Top of SUPPLIED DATA

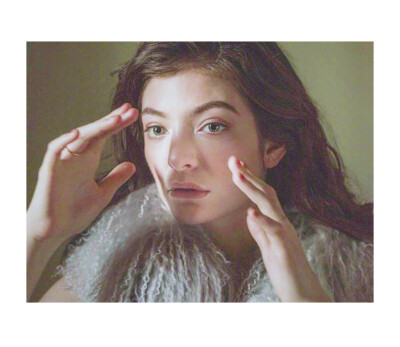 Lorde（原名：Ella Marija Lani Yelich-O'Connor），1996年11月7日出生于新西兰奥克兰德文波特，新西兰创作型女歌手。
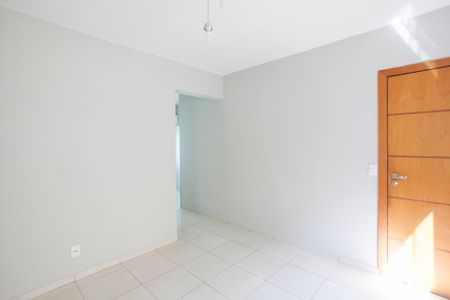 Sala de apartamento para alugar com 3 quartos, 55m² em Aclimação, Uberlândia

Bottom of SUPPLIED DATA
Top of SUPPLIED DATA

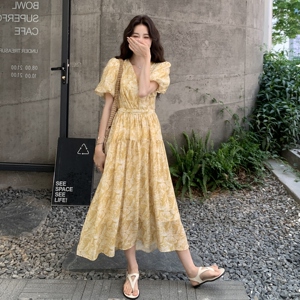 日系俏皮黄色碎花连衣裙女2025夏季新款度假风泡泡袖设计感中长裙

Bottom of SUPPLIED DATA
Top of SUPPLIED DATA

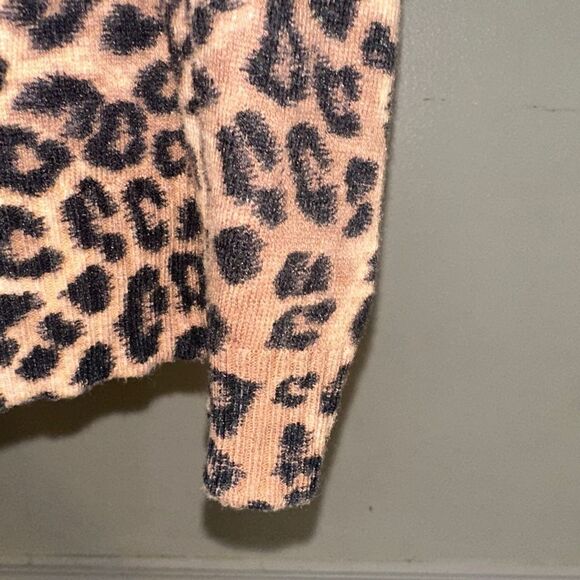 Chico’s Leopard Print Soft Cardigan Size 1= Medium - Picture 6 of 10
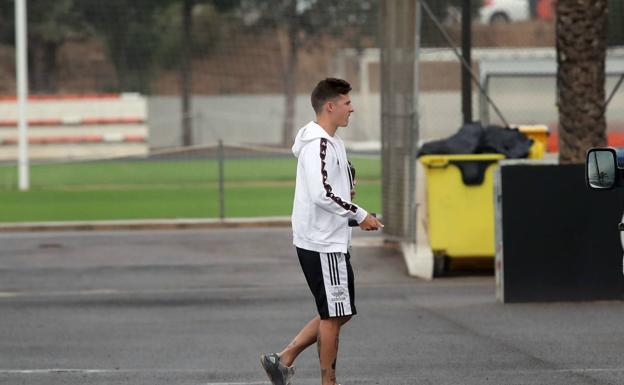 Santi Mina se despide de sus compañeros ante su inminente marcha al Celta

Bottom of SUPPLIED DATA

ABOUT THIS EXERCISE:
With pictures omitted, repeat the entries above word for word from the line holding "Lorde（原名：Ella Marija Lani" down to the line holding "Sala de apartamento", keeping both of those lines.

SOLUTION TO THIS PROBLEM:
 Lorde（原名：Ella Marija Lani Yelich-O'Connor），1996年11月7日出生于新西兰奥克兰德文波特，新西兰创作型女歌手。
 Sala de apartamento para alugar com 3 quartos, 55m² em Aclimação, Uberlândia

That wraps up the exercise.